When I think fondly of you, I go directly to your words and find a cure. I wish I couldn’t. Can I tell you that? Safely? Can I tell you that you were right? I didn’t love you as you were - I loved you as someone better. I hear that when I look for your voice somewhere in my gut, singing above my headphones, 8pm, 10:30pm as the girls chatter by the sink.

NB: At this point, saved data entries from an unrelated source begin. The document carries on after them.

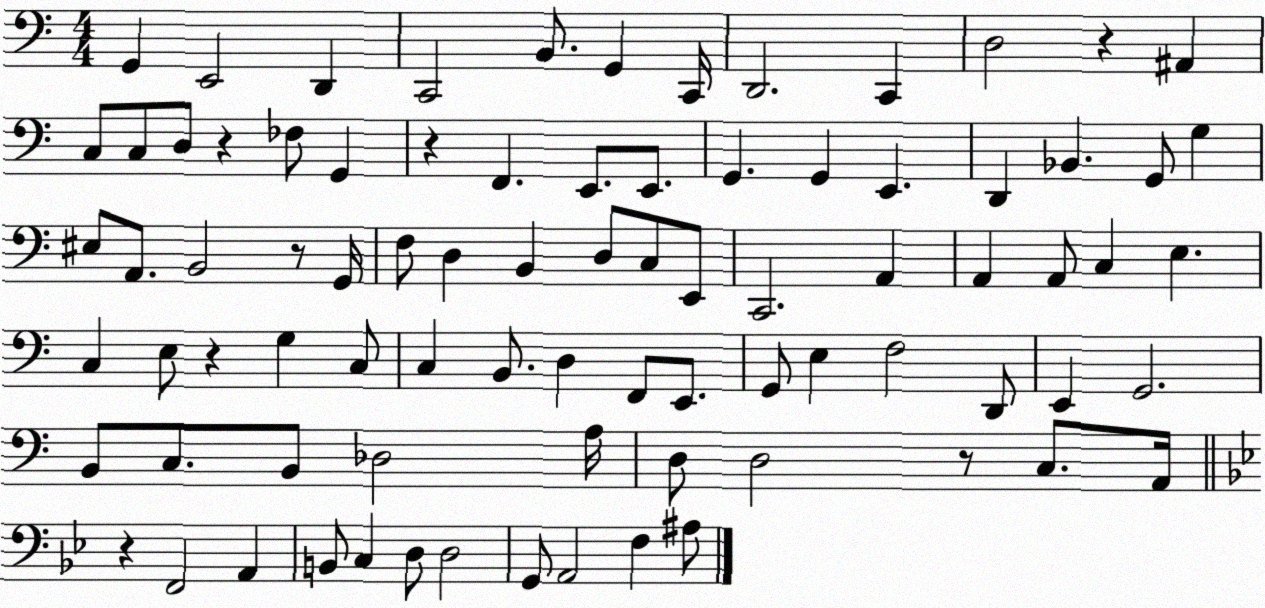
X:1
T:Untitled
M:4/4
L:1/4
K:C
G,, E,,2 D,, C,,2 B,,/2 G,, C,,/4 D,,2 C,, D,2 z ^A,, C,/2 C,/2 D,/2 z _F,/2 G,, z F,, E,,/2 E,,/2 G,, G,, E,, D,, _B,, G,,/2 G, ^E,/2 A,,/2 B,,2 z/2 G,,/4 F,/2 D, B,, D,/2 C,/2 E,,/2 C,,2 A,, A,, A,,/2 C, E, C, E,/2 z G, C,/2 C, B,,/2 D, F,,/2 E,,/2 G,,/2 E, F,2 D,,/2 E,, G,,2 B,,/2 C,/2 B,,/2 _D,2 A,/4 D,/2 D,2 z/2 C,/2 A,,/4 z F,,2 A,, B,,/2 C, D,/2 D,2 G,,/2 A,,2 F, ^A,/2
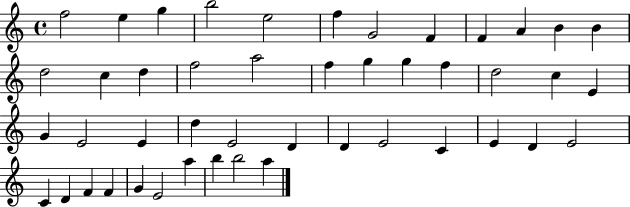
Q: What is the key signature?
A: C major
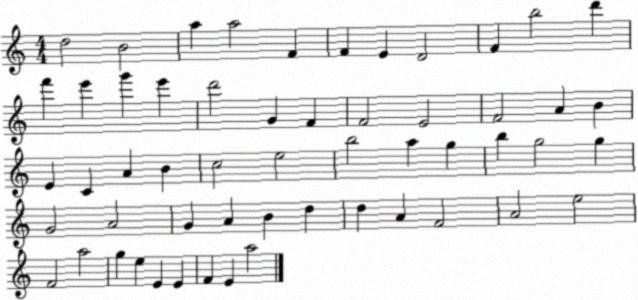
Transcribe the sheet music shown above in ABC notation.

X:1
T:Untitled
M:4/4
L:1/4
K:C
d2 B2 a a2 F F E D2 F b2 d' f' e' g' e' d'2 G F F2 E2 F2 A B E C A B c2 e2 b2 a g b g2 g G2 A2 G A B d d A F2 A2 e2 F2 a2 g e E E F E a2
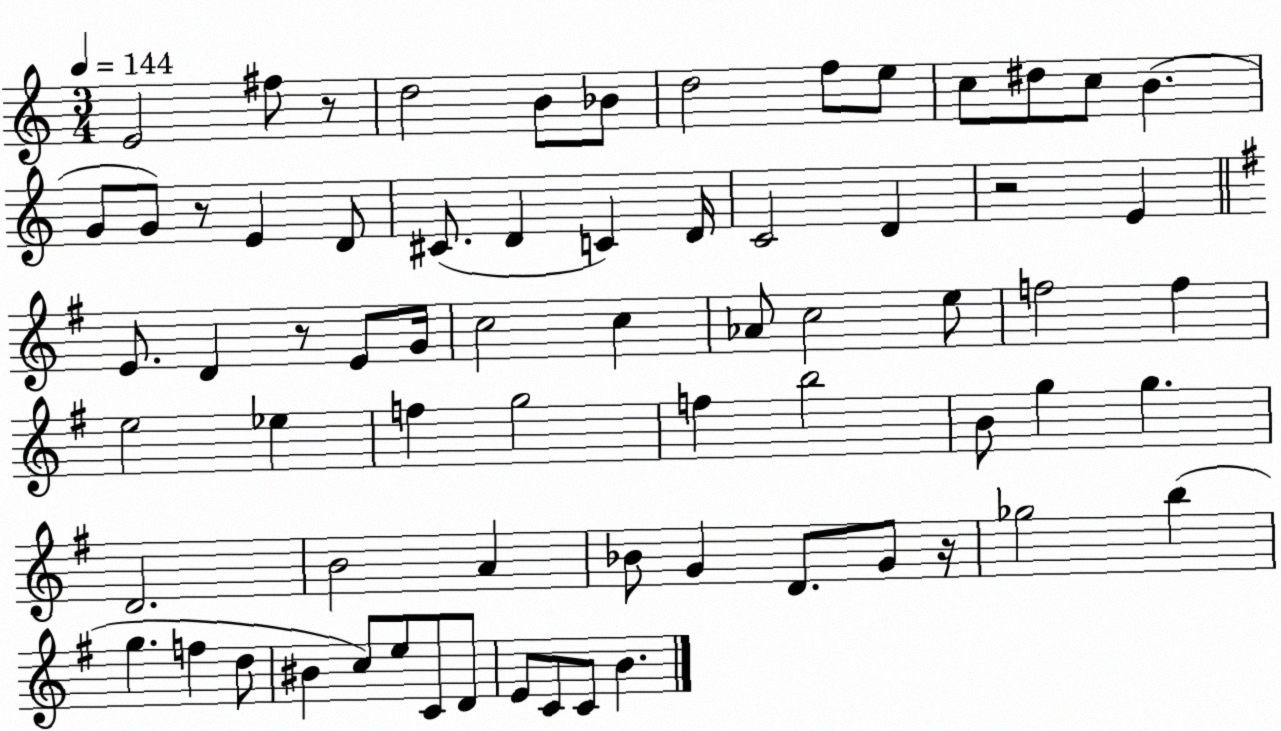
X:1
T:Untitled
M:3/4
L:1/4
K:C
E2 ^f/2 z/2 d2 B/2 _B/2 d2 f/2 e/2 c/2 ^d/2 c/2 B G/2 G/2 z/2 E D/2 ^C/2 D C D/4 C2 D z2 E E/2 D z/2 E/2 G/4 c2 c _A/2 c2 e/2 f2 f e2 _e f g2 f b2 B/2 g g D2 B2 A _B/2 G D/2 G/2 z/4 _g2 b g f d/2 ^B c/2 e/2 C/2 D/2 E/2 C/2 C/2 B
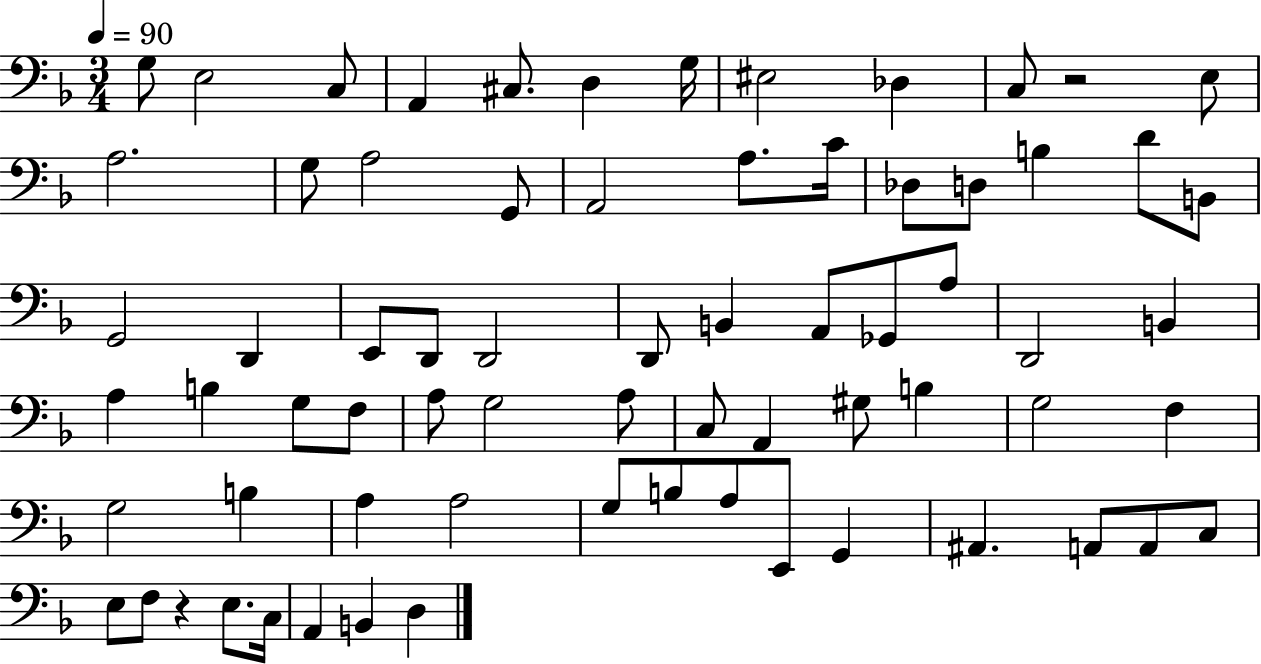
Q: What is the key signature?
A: F major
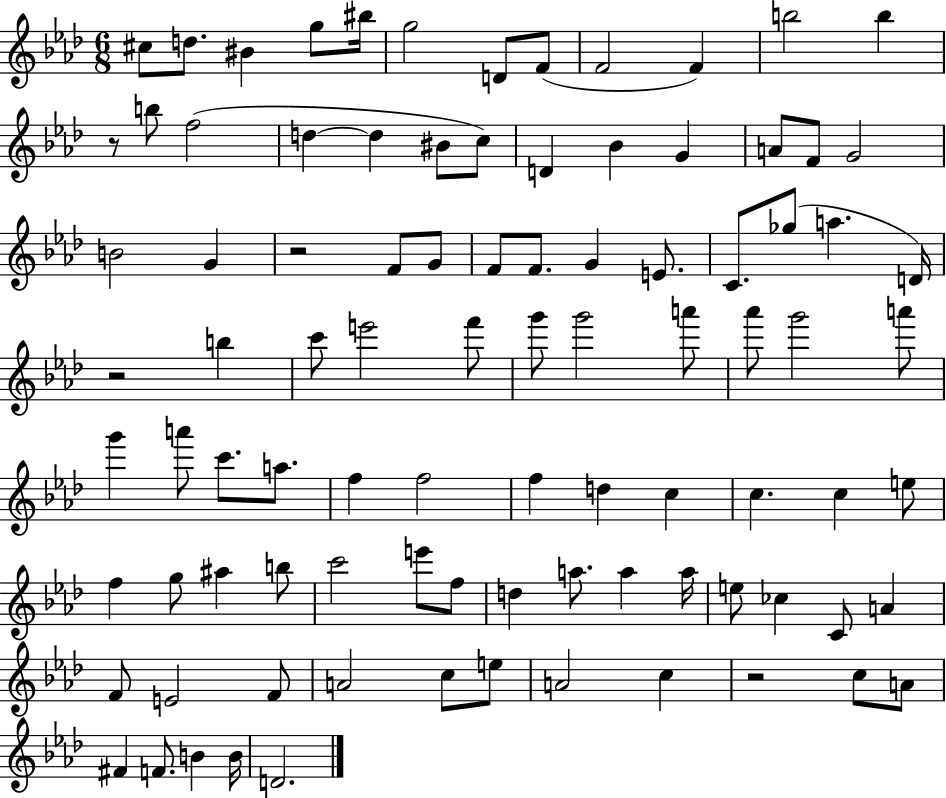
{
  \clef treble
  \numericTimeSignature
  \time 6/8
  \key aes \major
  \repeat volta 2 { cis''8 d''8. bis'4 g''8 bis''16 | g''2 d'8 f'8( | f'2 f'4) | b''2 b''4 | \break r8 b''8 f''2( | d''4~~ d''4 bis'8 c''8) | d'4 bes'4 g'4 | a'8 f'8 g'2 | \break b'2 g'4 | r2 f'8 g'8 | f'8 f'8. g'4 e'8. | c'8. ges''8( a''4. d'16) | \break r2 b''4 | c'''8 e'''2 f'''8 | g'''8 g'''2 a'''8 | aes'''8 g'''2 a'''8 | \break g'''4 a'''8 c'''8. a''8. | f''4 f''2 | f''4 d''4 c''4 | c''4. c''4 e''8 | \break f''4 g''8 ais''4 b''8 | c'''2 e'''8 f''8 | d''4 a''8. a''4 a''16 | e''8 ces''4 c'8 a'4 | \break f'8 e'2 f'8 | a'2 c''8 e''8 | a'2 c''4 | r2 c''8 a'8 | \break fis'4 f'8. b'4 b'16 | d'2. | } \bar "|."
}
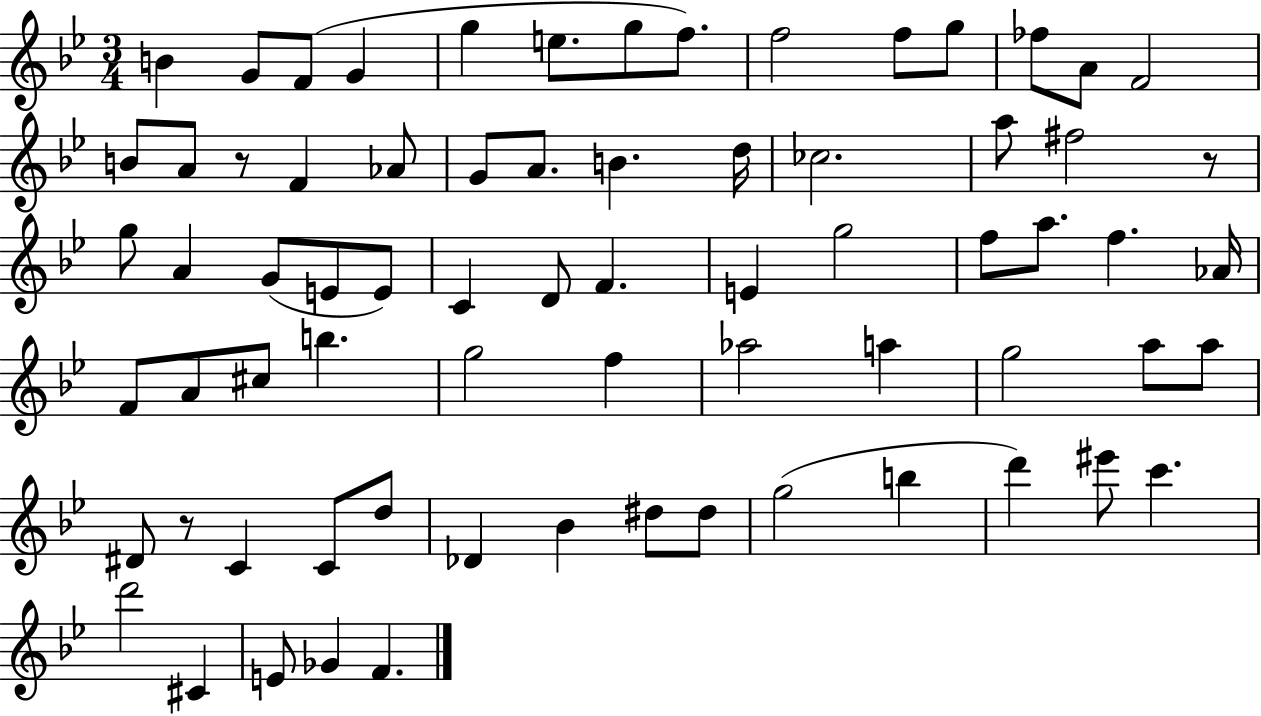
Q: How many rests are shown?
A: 3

Can I lay it out? What do I do with the love that I couldn’t safely hold to any real form but sometimes still feel the weight of. I’d sit in a grieving circle with the other girls if I could but all of us would only look side to side at the empty palms of the other to see how solid each other’s almosts were, feeling oddly jealous of the brutality and the gore of the mess. I’d look down at my something still birth, something formless but still real and beating somewhere in it. Something only concrete in under-linings in books, something remembered in empty cigarette cartons and long dead and binned eucalyptus, and in the shadow that is still there on my thigh from when you bit me the night you met me and made a poem in just that.
It needs nothing else.
You bit me and it scarred. You bit me and it was bright red, I spent a summer bright red and purple and yellow, and now I am pale and clean and not where you remember me and not anything to you nor you to me. But there is a shadow on my thigh from the damage and I don’t even know how real it is. But I remember how the bruise felt.
Maybe that’s all it is. 8pm, half way to the cinema. I remember how the bruise felt.
But I’ve written all this before. Shoreditch, Holborn, Meersbrook, two roundabouts over from my childhood home though the location is hazy by now. “I’m rotted. I’m rotting. I’m scattered limbs I won’t go looking for. I’m dead there but I’m here, aren’t I. On the top deck of the bus and you’re here in Moorgate because I thought I forgot but I never seem to.”
I remember how the bruise got lines through it from my jeans, and how I never knew a bruise could even do that. But I’ve written all this before, just different images on a theme – the loss of love maybe always the same. “I let the thought exist in me as a weathering thing. Sometimes venomous, sometimes sad, always wounded lately, sure to steel in time but forever with a weak spot.”
I think I can find something beautiful in it, all the bones scattered countrywide, the gruesome map that’s a marker just the same. I think I can find something pretty now in the tripping and falling on the way to the cinema, but maybe it’s only because summer was in bloom in purple on my skin. The violet still romantic, the stain of colour against the silence of the death.